Material for second part (6 weeks): Primal vs. Dual Simplex method, Sensitivity analysis, Numerical-Implementation issues, Convexity and Farkas Lemma, Network flow problems. If time allows we will touch one of the following topics: ellipsoid method, integer programming, game theory.
Grading policy: The course grade will be based on 4 homeworks (approximately 12-15 problems each) that may include some programming assignment (40 points), one midterm exam set for April 30th (30 pts) and the final exam (30 points). The exams will be closed-book and closed-note. The final exam will be comprehensive. I will assign grades based on an statistical curve of points obtained by all students. Please note that NO late homeworks will be accepted. Feel free to call me or send me email if you are stuck!
Prerequisites: MAT 22AB, 108 or equivalent and a willingness to solve many exercises and learn some mathematical software.
FIRST HOMEWORK SET: Due April 16th. A) 2.1,2.2,2.8,2.11,2.12,2.13.
B) 3.1,3.2,3.3,3.5,3.6.
C) Can you formulate the traveling salesman problem as a linear programming problem or some variation of it? Explain your reasoning.
Before you can use MAPLE you need to have a class account. To activate the account follow these steps:
go to main math page
click on computer resources option
.
click on class accounts
fill out the form that appears
get account information
Maple allows you to apply pivots one at a time. YOU are supposed to select the pivots, MAPLE does the arithmetic for you, EXAMPLE:
First call maple type maple, once you get the prompt you type:
with(simplex);
at prompt you can type your dictionary equations:
C:={z=2*x2+x4+5*x1,x4=4-x1-x2-x3,x5=2-x1,x6=6-3*x2-x3};
Apply pivot by typing
pivot(C,x2,[x4=4-x1-x2-x3]);
Where x2 is the entering variable, x4 is the leaving variable
here is the resulting new dictionary which appears in the screen after you hit return.
{x5 = 2 - x1, x2 = -x4 + 4 - x1 - x3, x6 = -6 + 3 x4 + 3 x1 + 2 x3, z = -x4 + 8 + 3 x1 - 2 x3}
IMPORTANT: In the example the choice of entering variable and leaving variable was incorrect! It gave an infeasible dictionary. MAPLE does not check whether your choice is appropiate, but performs the arithmetic without mistakes for you.
4.3, 5.1, 5.2, 5.4, 5.7, 5.11.
A)Answer yes or no and prove your answer: Can a pivot of the simplex method move the basic feasible point a positive distance while leaving the cost unchanged?
B)Prove: If an LP is unbounded there is a vector a such that it satisfies two properties:
1) c1a1+c2a2+c3a3+...+cnan >0, for c1x1+c2x2+...+cnxn the objective
function
2) if x is a feasible solution and k>0 then x+ka is also feasible
The Maple examples file can be downloaded here.

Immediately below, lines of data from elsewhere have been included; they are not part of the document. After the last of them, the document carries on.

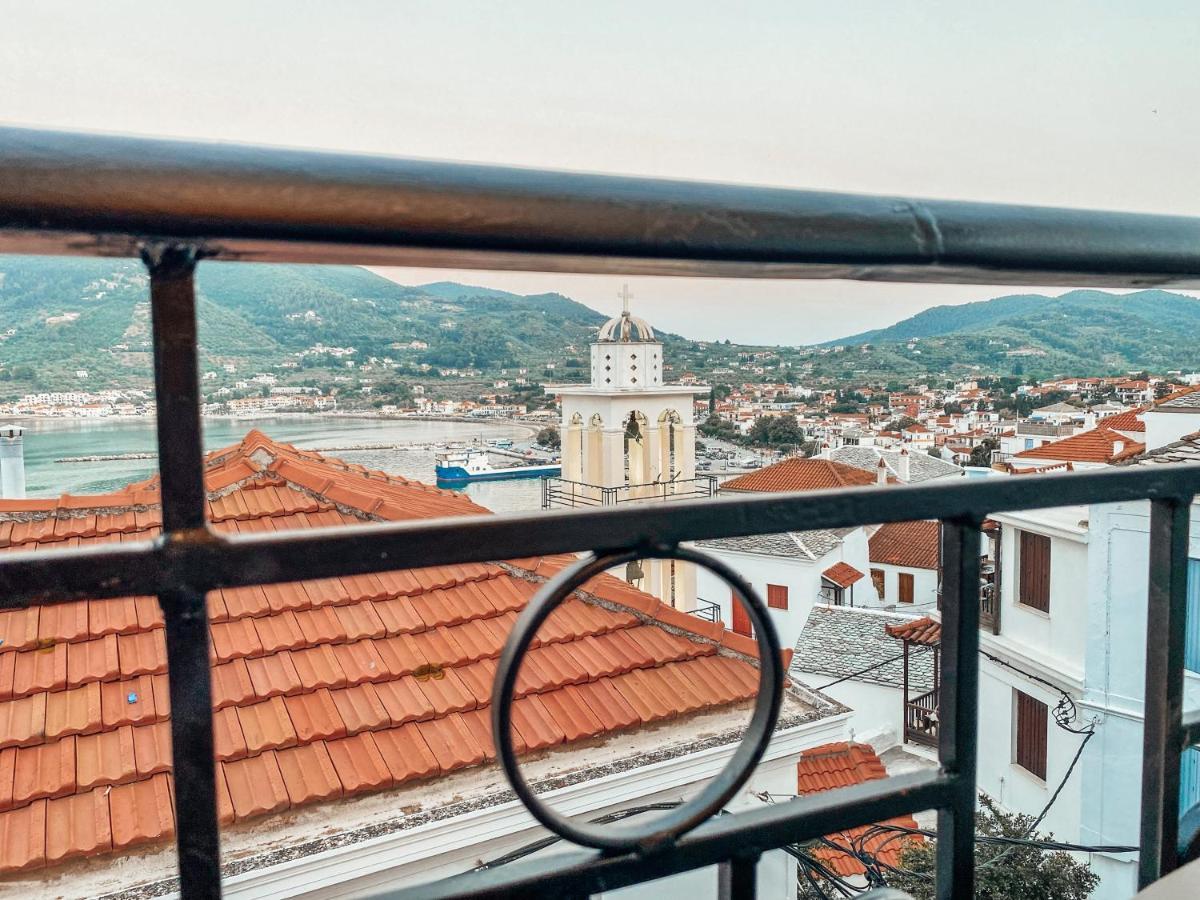 Evageliasvilla Sea View Skopelos Exterior foto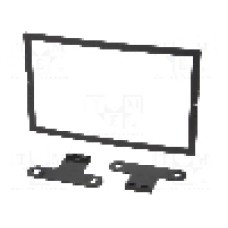 Rama adaptoare, 2 DIN, Infiniti, Mercury, Nissan, neagra, ACV - 381210-21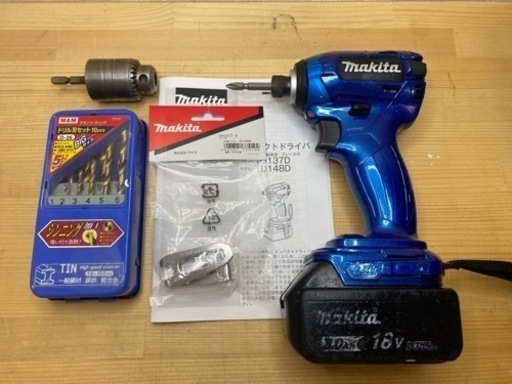 中古 マキタ　TD148D 18V インパクトドライバ　カスタム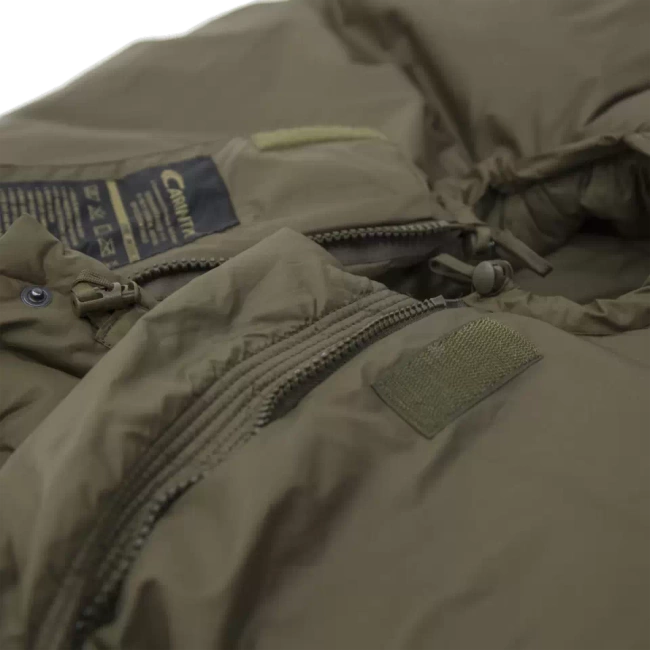 HIGH PERFORMANCE WINTER SLEEPING BAG - OLIVE GREEN - DEFENCE 6 - CARINTHIA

Press the shift key and then click on the highlighted text.
A) 7.3, 7.4, 7.5, 10.2, 10.4, 11.1,11.2, 11.4, 11.6
B) Consider a polyhedron P={x | Ax=b x>=0}, an extreme point of P is a point x of P with the property that if y,z in P can be used to write x=1/2(y+z) then y=z=x.
Problem: Prove that x is an extreme point of P if and only if the collection of column vectors {A_j | x_j not=0} is linearly independent.
13.1,13.3,13.4,13.6,13.7,14.1
3.6, 5.1, 6.1, 7.1, 11.1, 13.4, 13.9
FINAL EXAM INFORMATION: The final exam will be Wednesday June 13 from 8-10am at Wellman 235.